PROBLEM DESCRIPTION | Look below for the line with "Warner Bros. отменяет" and the line with "Barley Paper Sealing Gasket Sheets". Copy exactly those two lines and every line between, but not the pictures.

DATA SHOWN |
------------

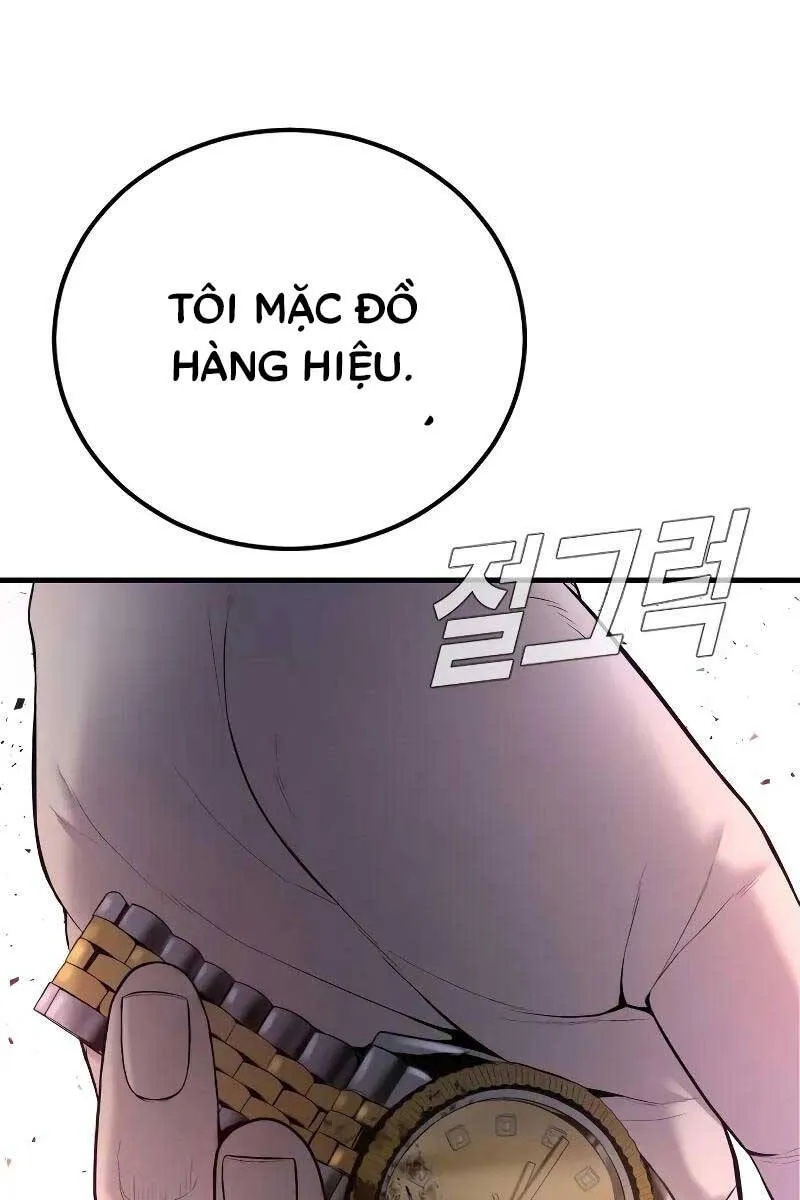 Trang 83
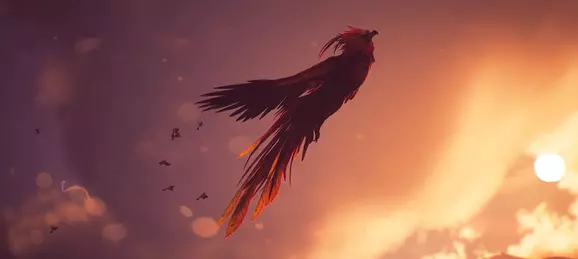 Warner Bros. отменяет дополнение к Hogwarts Legacy — «не хватало контента для своей цены»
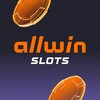 Логотип телеграм -каналу allwin_slots — ALLWIN Casino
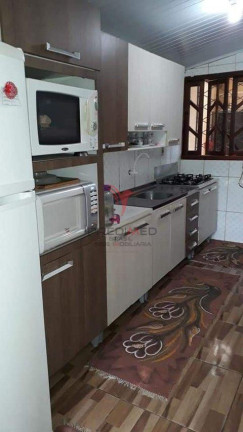 Imagem Casa com 2 Quartos à Venda, 140 m² em Centro - Penha Imagem Casa com 2 Quartos à Venda, 140 m² em Centro - Penha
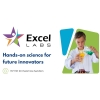 Excel Labs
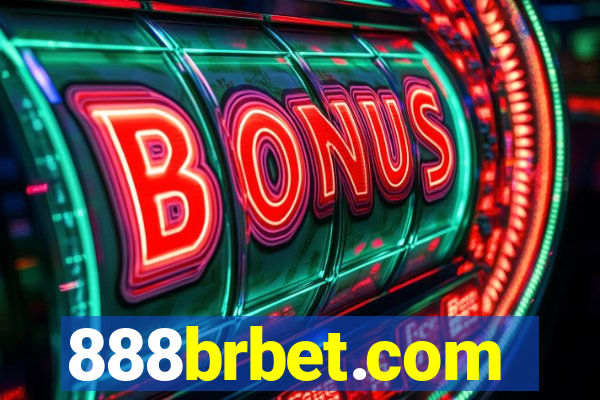 888brbet.com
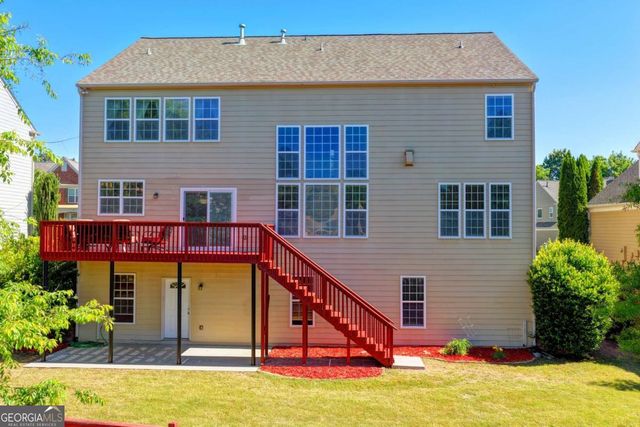 770 Pimlicon Place, Suwanee, GA 30024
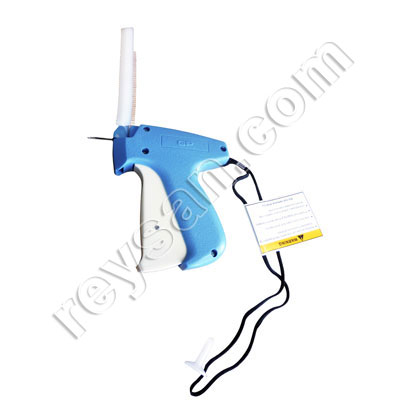 PISTOLA ETIQUETAR ECONÓMICA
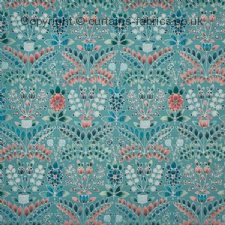 Viewing AUSTEN 8718 by PRESTIGIOUS TEXTILES
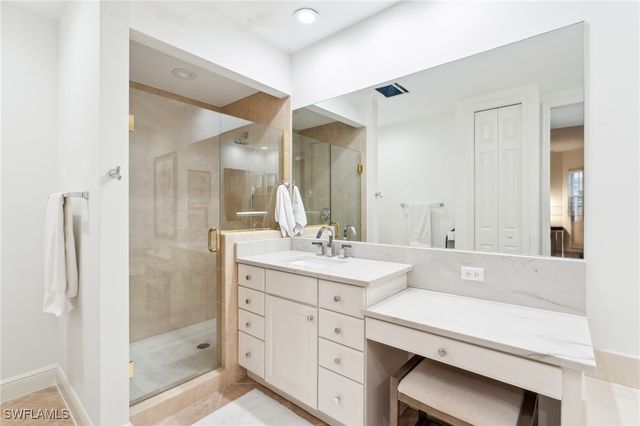 19620 Marino Lake CIR 2801, Miromar Lakes, FL 33913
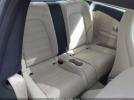 Mercedes-Benz C-Class Image 3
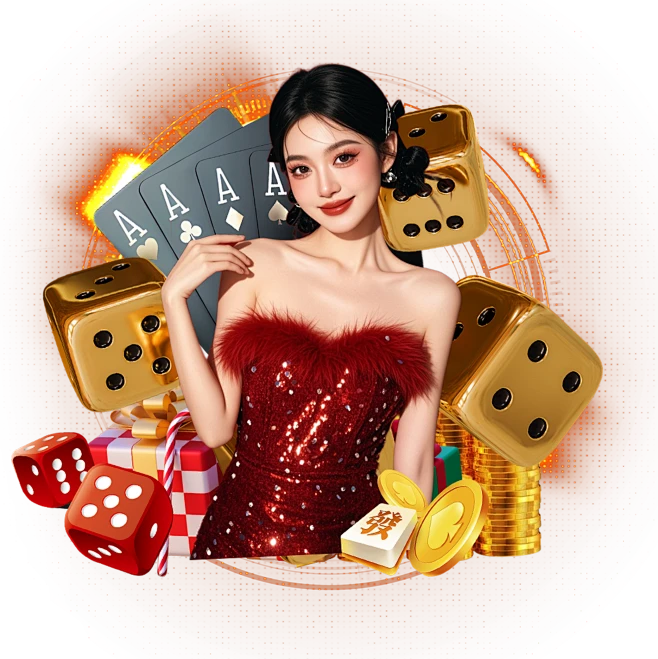 tim-hieu-phap-ly-va-su-minh-bach-cua-nen-tang-gk88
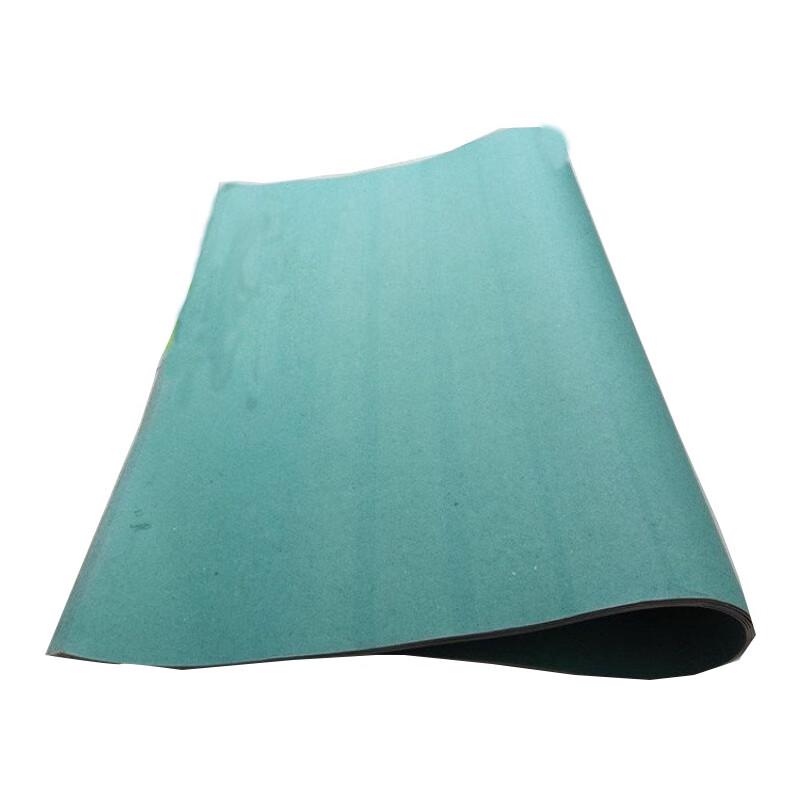 Barley Paper Sealing Gasket Sheets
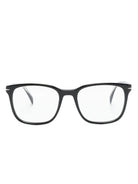 EYEWEAR BY DAVID BECKHAM 1083 Eyeglasses - DB1083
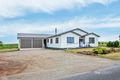 Property photo of 708 South Road Alcomie TAS 7330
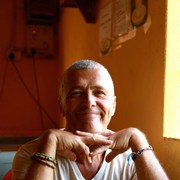 ���������� ����������, ���� ������� ������, 59 ���, ������������ ��� ������, ����� � ���������, c�������� ���������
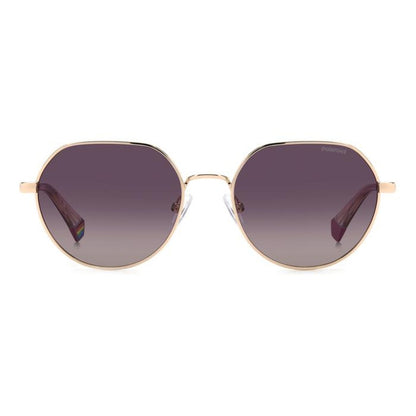 GAFAS DE SOL POLAROID PLD 6236/S/X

------------

TASK RESPONSE |
 Warner Bros. отменяет дополнение к Hogwarts Legacy — «не хватало контента для своей цены»
 Логотип телеграм -каналу allwin_slots — ALLWIN Casino
 Imagem Casa com 2 Quartos à Venda, 140 m² em Centro - Penha Imagem Casa com 2 Quartos à Venda, 140 m² em Centro - Penha
 Excel Labs
 888brbet.com
 770 Pimlicon Place, Suwanee, GA 30024
 PISTOLA ETIQUETAR ECONÓMICA
 Viewing AUSTEN 8718 by PRESTIGIOUS TEXTILES
 19620 Marino Lake CIR 2801, Miromar Lakes, FL 33913
 Mercedes-Benz C-Class Image 3
 tim-hieu-phap-ly-va-su-minh-bach-cua-nen-tang-gk88
 Barley Paper Sealing Gasket Sheets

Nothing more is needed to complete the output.